India has the third-most television viewers in the world, after the United States and China, with 146 million households owning a TV, according to the report.
Alongside the ever-popular soap operas, hit shows in the country include Bigg Boss, the country's version of Big Brother, Dance India Dance, a programme that brings in unknowns to compete as dancers, and Kaun Banega Corepati, which literally translates to "who wants to be a ten-millionaire?".
"TV advertising is actually a very large industry in India, both from a volume perspective and also from a rates perspective," says Ms Jha. "The fact that we have 140 million-odd TV homes, each channel itself has an instant reach.
"The TV medium has been used by the advertisers to advertise wherever they need to brand building. If you put one ad on a particular channel, or you put it on a set of the top 10 channels, you've got your entire market covered in a 30-second spot."

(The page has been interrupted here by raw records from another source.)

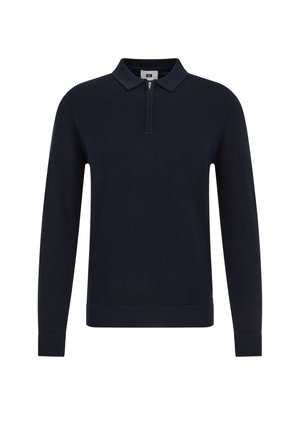 Pull-over bleu marine avec un col zippé, manches longues, poignets et ourlet côtelés, tissu texturé et col avec revers.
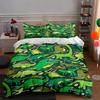 Green Dinosaur Illustrations. Bedding Duvet Cover Sets Duvet Covers Pillowcases Gifts (1 * Duvet Cover 2 * Pillowcases, Without Duvet Insert)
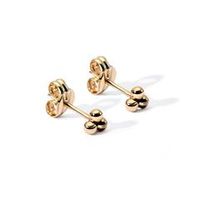 pendientes de boton para mujer de oro amarillo de 9k con diseno de bola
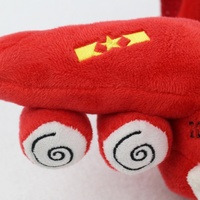 Avion en peluche rouge doux et réaliste avec votre logo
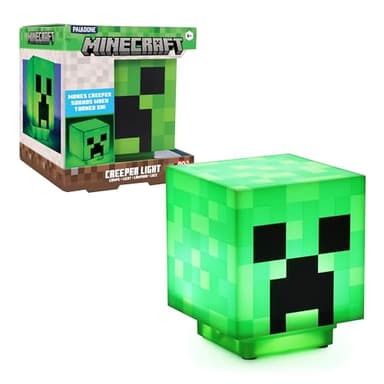 Paladone Minecraft Creeper Desk Light with Official Creeper Sounds, Handheld Night Light for Kids Room or Gamer Décor - Licensed Minecraft Gifts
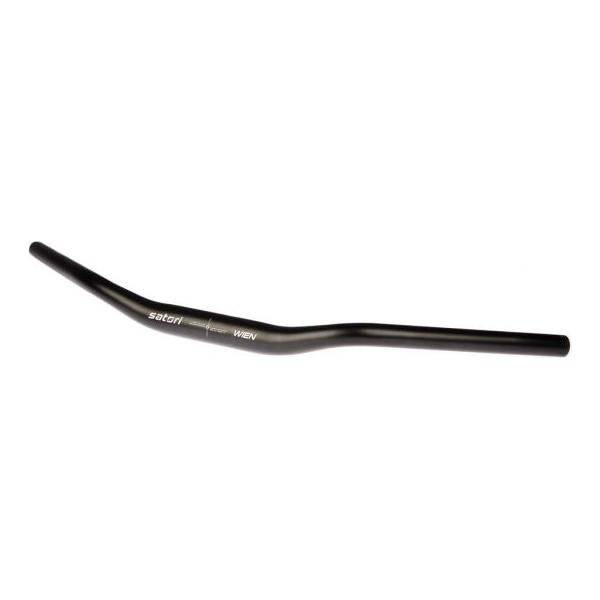 Zwart MTB stuur van Satori, 31,8 mm diameter, 640 mm breedte, 35° gebogen, mat afwerking op afbeelding.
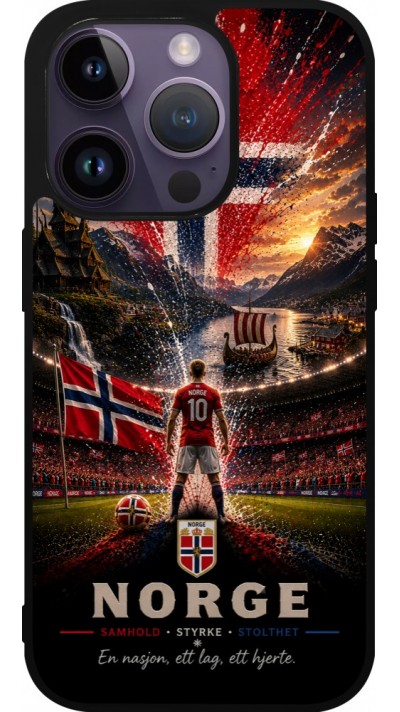 iPhone 15 Pro Case Hülle - Silikon schwarz Fussball Norwegen splash 2026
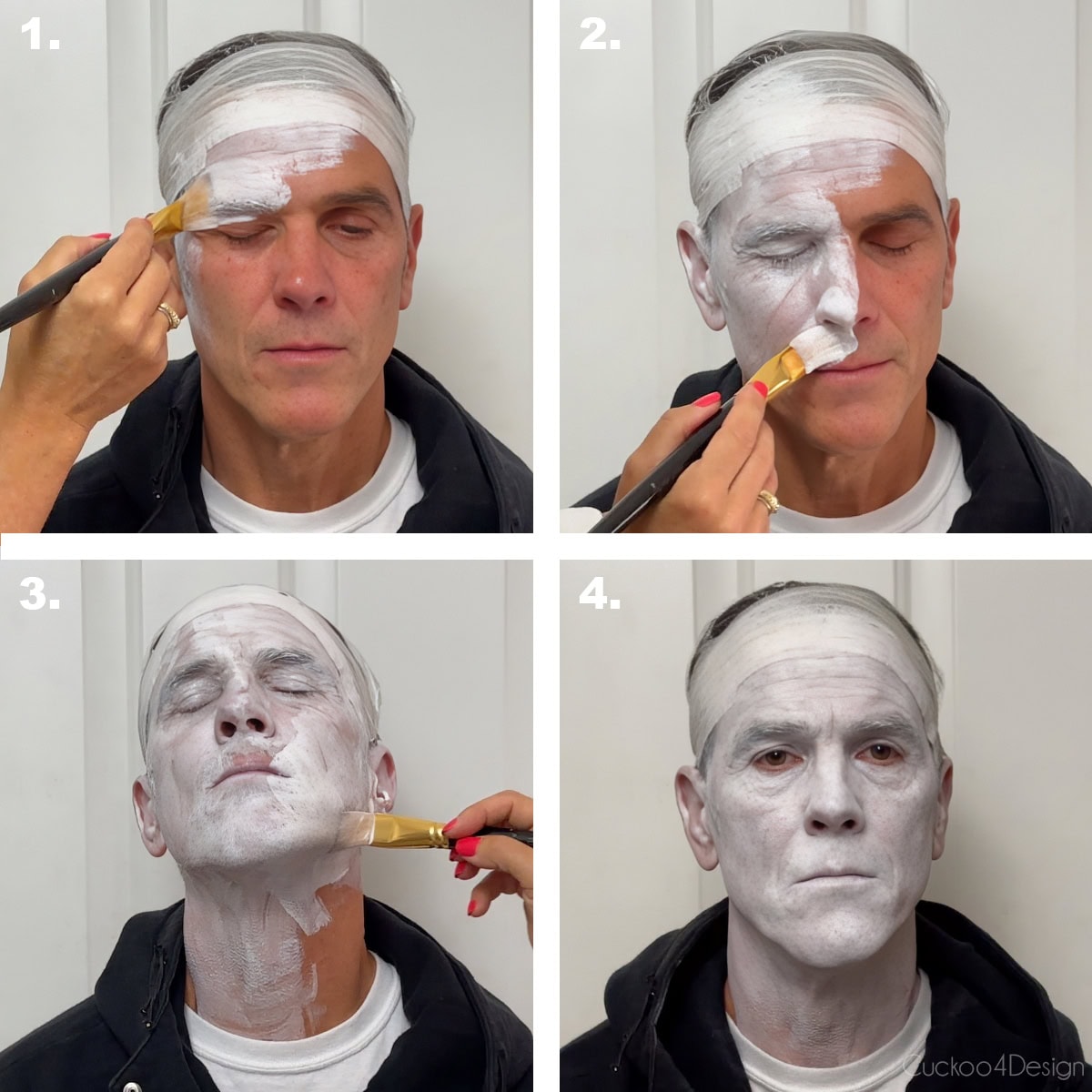 painting the face white with face paint and a brush
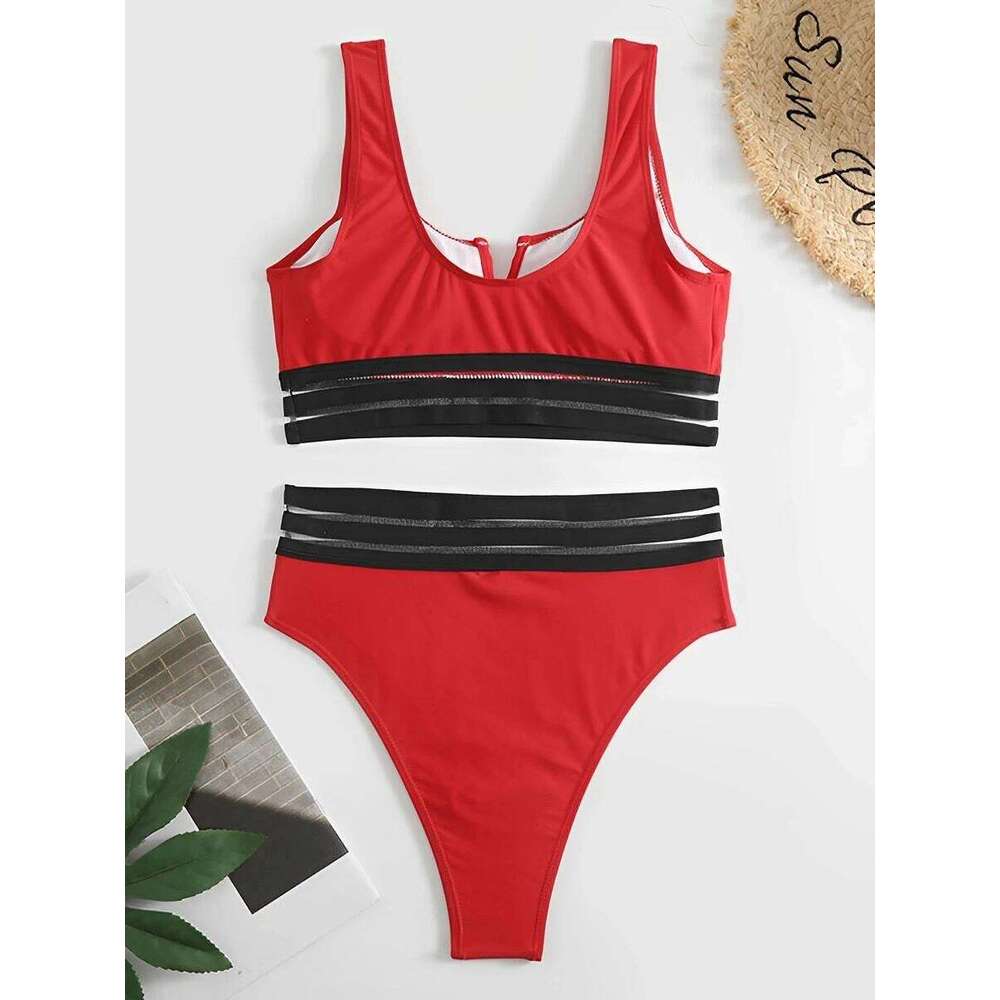2025 Sexy V Wire Swimsuit Women Solid High Waist Bikini Black Mesh Trim Swimwear Female Padded Bathing Suit Swimming Beachwear Y260303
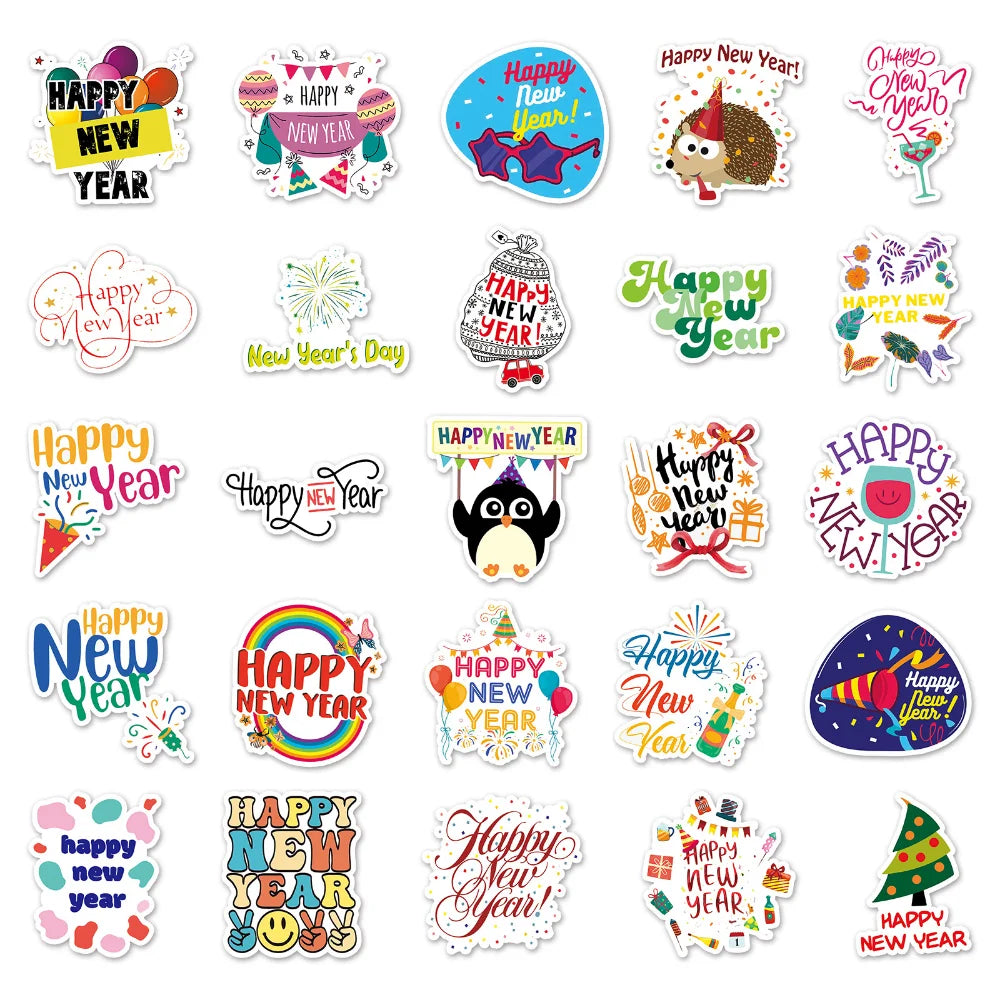 50PCS Cute Happy New Year Stickers DIY Scrapbook Diary Stationery Luggage Decorative Cartoon Sticker Kids Toys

Anil Wanvari, the founder and chief executive of Indiantelevision.com, which provides industry analysis, is bullish about the industry's future.
"The television market is buoyant," he says. "There's a lot of reality television and talent hunts, and the staple of any television network is soaps and series. These shows bring in the rise in ratings."
Zee Entertainment, one of India's biggest networks, reported a few days ago that advertising revenues for the three months from July to September this year surged by 33.7 per cent compared to the same quarter last year to reach 5.28bn rupees.
"General business sentiments are expected to turn positive following a slew of reforms announced by the government," says Subhash Chandra, the chairman of Zee.
Yet analysts have nevertheless trimmed growth forecasts for television advertising spending for this year because of the slowing expansion of India's economy and the global environment. This has prompted some companies to cut advertising budgets.
"While this year, the industry advertising spend seems to be hit due to macroeconomic factors, we are confident of continued double-digit growth of television advertising spending over the next few years," says Punit Goenka, the managing director and chief executive of Zee.
The major shift in the industry is the transition from analogue to digital. At the end of this month, Delhi, Mumbai, Chennai and Kolkata are scheduled to switch off analogue signals, which means that households in those metropolitan areas will have to subscribe to digital services to watch television.
This is also expected to boost advertising opportunities.
There still remains huge potential for the sector, everyone agrees. But the challenge facing producers is to create the next major breakaway programme that will keep viewers on the edge of their seats.
A lot of the shows have already run for several seasons and the consensus among executives is that there is "stagnancy" in the programmes being broadcast. Producers are trying to dream up the next big hit as the main networks compete for viewers and edge ahead of their peers.
"The industry is looking for a new formula," says Mr Wanvari. "Everyone's looking for the next breakthrough."